Subsequently, the request item #=14 shows sample=D and analysis type=“Biochemistry 3”, and is assigned as “D3” to cycle time 13 of the biochemical analysis cycle. Subsequently, the request item #=15 shows sample=D and analysis type=“Biochemistry 4”, and is assigned as “D4” to cycle time 14 of the biochemical analysis cycle.

Subsequently, the request item #=16 shows sample=D and analysis type=“Immunity 1”, and is assigned as “D1” to cycle times 21 to 25 for 5 cells in the immunity analysis cycle. Subsequently, the request item #=17 shows sample=D and analysis type=“Immunity 4”, and is assigned as “D4” to cycle times 26 to 30 for 5 cells in the immunity analysis cycle.

Subsequently, the request item #=18 shows sample=D and analysis type=“Electrolyte 1”, and is assigned as “D1” to cycle times 19 to 21 for 3 cells in the electrolyte analysis cycle. Subsequently, the request item #=19 shows sample=D and analysis type=“Electrolyte 2”, and is assigned as “D2” to cycle times 22 to 24 for 3 cells in the electrolyte analysis cycle. Subsequently, the request item #=20 shows sample=D and analysis type=“Electrolyte 3”, and is assigned as “D3” to cycle times 25 to 27 for 3 cells in the electrolyte analysis cycle.

The above assignment of 20 pieces of analysis request information results in the state of the table of FIG. 10. A total of 1 to 30 cycle times are used in the assignment of the comparative example. In the reservation order row, a location marked as “vacant” indicates that there is no assignment with that cycle time as a start cycle.
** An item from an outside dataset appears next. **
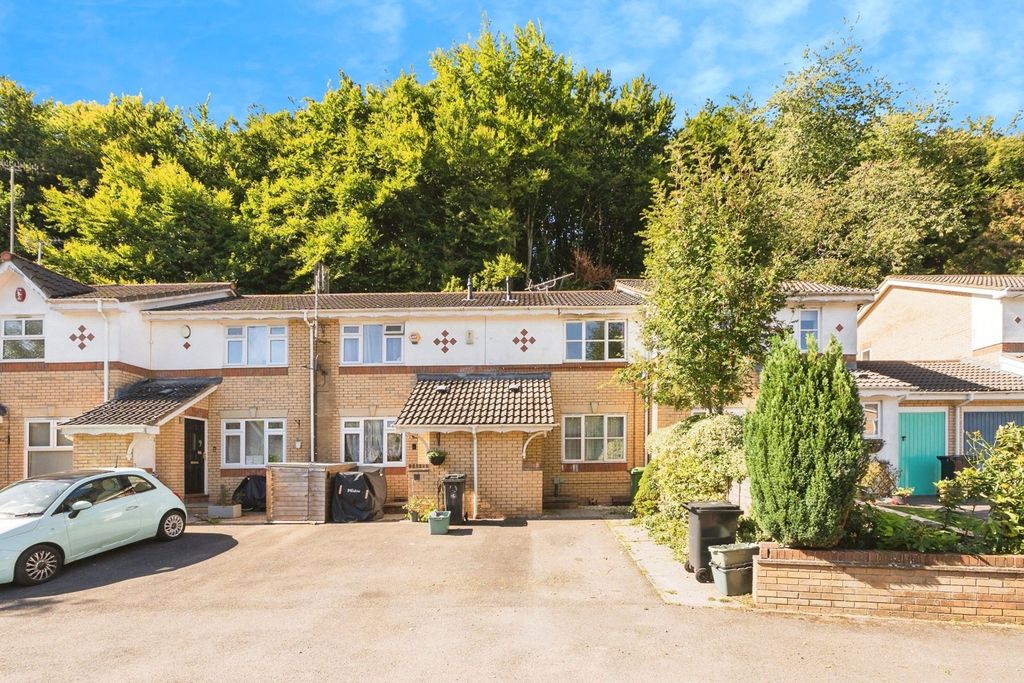 Property photo 1 of 16 Picture No. 23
Embodiment: Analysis Reservation

The assignment in the embodiment is now described with reference to FIG. 11. The determination section 12 assigns each piece of analysis request information (corresponding request item) to analysis operation cycle of each mechanism based on the priority order determined based on the score table 50. In time series, the head part of an analysis request for any one of analysis types is assigned to a certain cycle time.

The control section 10 (processor) sequentially assigns analysis processing for each piece of sample analysis request information to analysis processing cycle as shown in FIG. 11 (similar to FIG. 10) according to the priority order in the table on the right of FIG. 9. First, the request item with priority order=1 (#=13) shows sample=C and analysis type=“Immunity 3”, and is assigned as “C1” to cycle times 1 to 5 for 5 cells in the immunity analysis cycle. Correspondingly, “1” is written in the reservation order row. Subsequently, the request items with priority order=2 (#=5, 16) include two request items respectively showing sample=A and analysis type=“Immunity 1”, and sample=D and analysis type=“Immunity 1”. The request item #=5 is assigned as “A1” to cycle times 6 to 10 for 5 cells in the immunity analysis cycle. The request item #=16 is assigned as “D1” to cycle times 11 to 15 for 5 cells in the immunity analysis cycle.

Subsequently, the request item with priority order=4 (#=17) shows sample=D and analysis type=“Immunity 4”, and is assigned as “D4” to cycle times 16 to 20 for 5 cells in the immunity analysis cycle. Subsequently, the request item with priority order=5 (#=6) shows sample=A and analysis type=“Immunity 2”, and is assigned as “A2” for cycle times 21 to 25 for 5 cells in the immunity analysis cycle.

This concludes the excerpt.